Na estrada para Munique
Os haitianos tiveram na década de 70 a sua geração de ouro. Depois de terem ameaçado o apuramento para o Mundial do México em 1970, onde só terminaram eliminados na última fase por El Salvador, não deram hipótese à concorrência rumo ao Mundial-1974.
No campeonato da CONCACAF disputado em 1973, todo ele em Port-au-Prince, entre novembro e dezembro, os haitianos terminaram na primeira posição com quatro vitórias e apenas uma derrota, no último jogo, frente ao México, quando o apuramento já estava garantido.
Na Alemanha, porém, a história foi radicalmente diferente, mais não seja pela qualidade dos adversários que ficaram integrados no grupo 4: a Itália era vice-campeão mundial, a Argentina estava a lançar as bases para o título de 1978 e a Polónia de Lato viria a terminar a competição na terceira posição, derrotando o Brasil por 1-0.
Para o Haiti, participar poderia ter sido suficiente, mas Emmanuel Sanon tinha outra ideia. O jogo de estreia, em Munique, era com a Itália e, depois de um empate ao intervalo, o avançado adiantou os haitianos logo aos 46 minutos.
Sim, a Itália era mais forte e viria a vencer o jogo por 3-1, mas o jogador do Don Bosco, um pequeno clube haitiano, tinha acabado de pôr fim a uma série de 19 jogos (1143 minutos) da squadra azzurra – e de Dino Zoff – sem sofrer golos.
Marca impressionante
O estilo italiano não enganava ninguém e o pragmatismo era a imagem de marca. Na fase de qualificação, a Itália tinha somado quatro vitórias e dois empates num grupo com Turquia, Suíça e Luxemburgo. Golos sofridos: zero. Desde setembro de 1972, num particular com a Jugoslávia, que os italianos não sofriam qualquer golo.
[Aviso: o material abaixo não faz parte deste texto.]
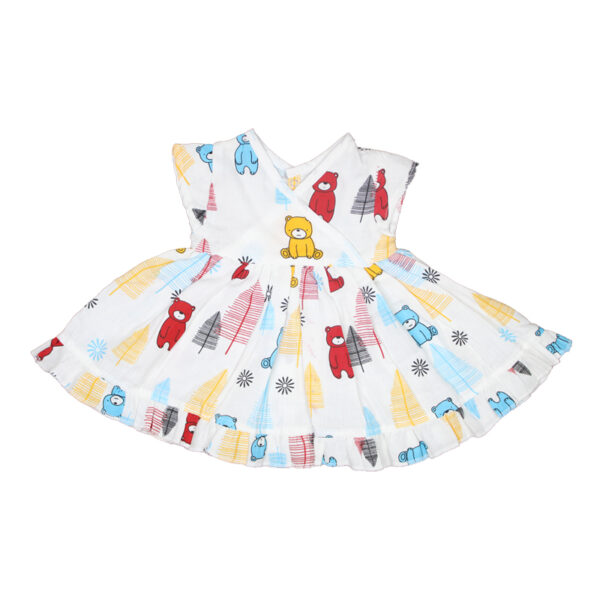 Muslin Frock Red Blue Teddy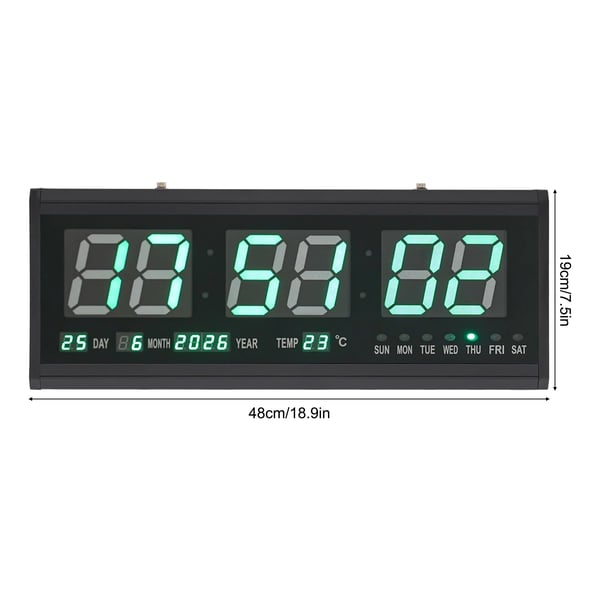 Stor digital vægur, LED bordur/vækkeur, temperatur & dato, 12/24 t, grøn skærm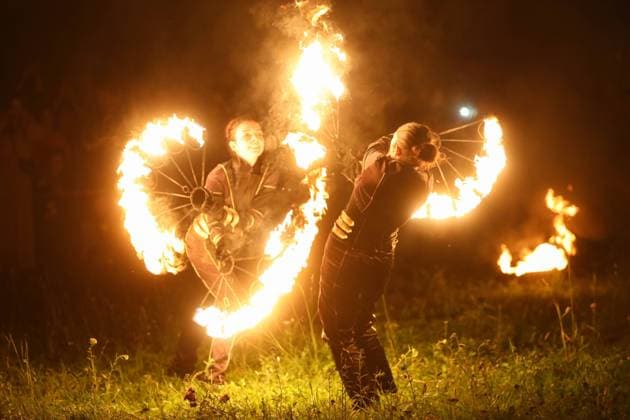 KEMEROVO REGION, RUSSIA - JULY 8, 2022: A fire show during Ivan Kupala Day celebrations at the Tomskaya Pisanitsa open-air museum in Kemerovo Region s Yashkinsky District, some 50 km northwest of Kemerovo. Maxim Kiselev TASS  TS1397A4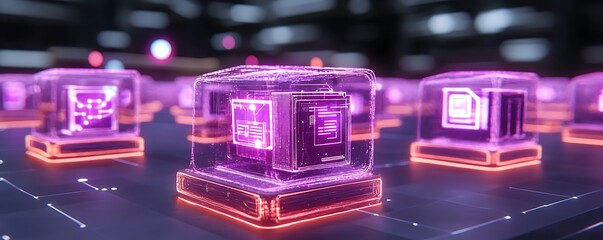Poster - Futuristic digital cubes displaying interconnected files and processing data
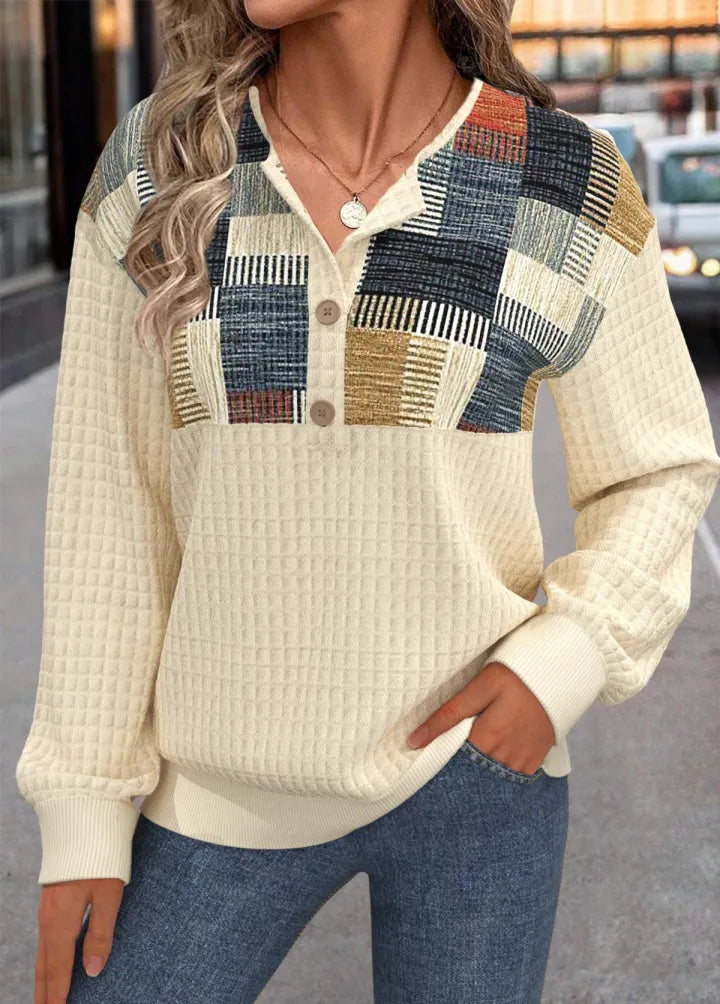 Linora | Sweter w stylu patchworkowym z guzikami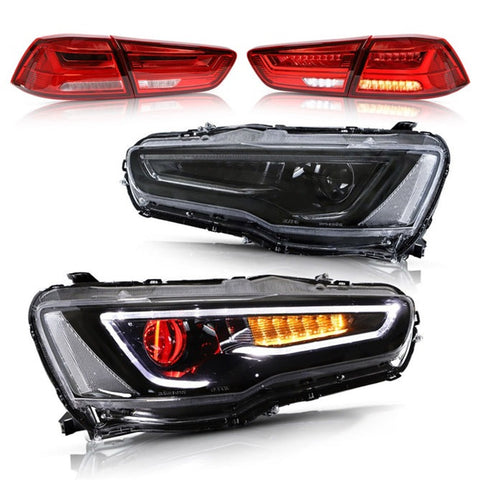 VLAND Demon Eye Dual Beam Projector Headlights and Taillights for Mitsubishi Lancer EVO X 2008-2018(Multi-Choice Combination)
Se o grupo de qualificação pode ter sido visto como fácil, os italianos também resistiram aos encontros particulares com o Brasil e a Inglaterra (duas vezes). Zero, zero, zero. Dino Zoff mantinha-se insuperável e imitava o registo que tinha com a Juventus, onde chegou a estar 903 minutos sem ser batido.
No Mundial, o objetivo era continuar assim. E o Haiti, um modesto Haiti, não parecia ser grande chatice logo no jogo de abertura. «Nós temos onze bons jogadores… no país inteiro. Polónia, Itália e Argentina devem ter uns quatro mil», reconheciam os haitianos, sabendo que a participação na Alemanha ia limitar-se à primeira fase de grupos.
O momento do choque
A modéstia não se alargava a Emmanuel Sanon. «Vou marcar porque a defesa italiana é demasiado lenta para mim», previu um jovem de 22 anos antes do encontro. E tinha razão.
A abrir a segunda parte, Sanon ultrapassou Spinosi em velocidade, esperou a saída de Dino Zoff, contornou-o pela esquerda e atirou para a baliza deserta com o pé esquerdo, fixando a marca de imbatibilidade do transalpino em 1143 minutos.
«Toda a gente se perguntava quem é que iria marcar um golo a Dino Zoff. Os jornais falavam em europeus e sul-americanos mas ninguém pensou que seria um haitiano a fazê-lo. Isso chateou-me porque eu sabia que conseguiria», disse Sanon.
Dino Zoff manteve-se imperturbável. «Nunca me aborreci com este recorde. Nem deveria, estou a fazer o meu trabalho. Talvez agora me deixem de perguntar sobre este recorde… já não existe», referiu.
Se a ambição coletiva do Haiti estava morta à nascença, Sanon ainda voltou a brilhar na fase de grupos, quando marcou novamente, desta feita à Argentina de Yazalde, que bisou no encontro. A confiança e as boas indicações dadas no Mundial valeram-lhe o salto para o futebol europeu, representando o Beerschot da Bélgica entre 1974 e 1980.
Durante esta aventura, conquistou uma Taça da Bélgica (o último grande título da equipa) e marcou 43 golos em 142 jogos. No entanto, nenhum foi tão importante como aquele marcado a Dino Zoff.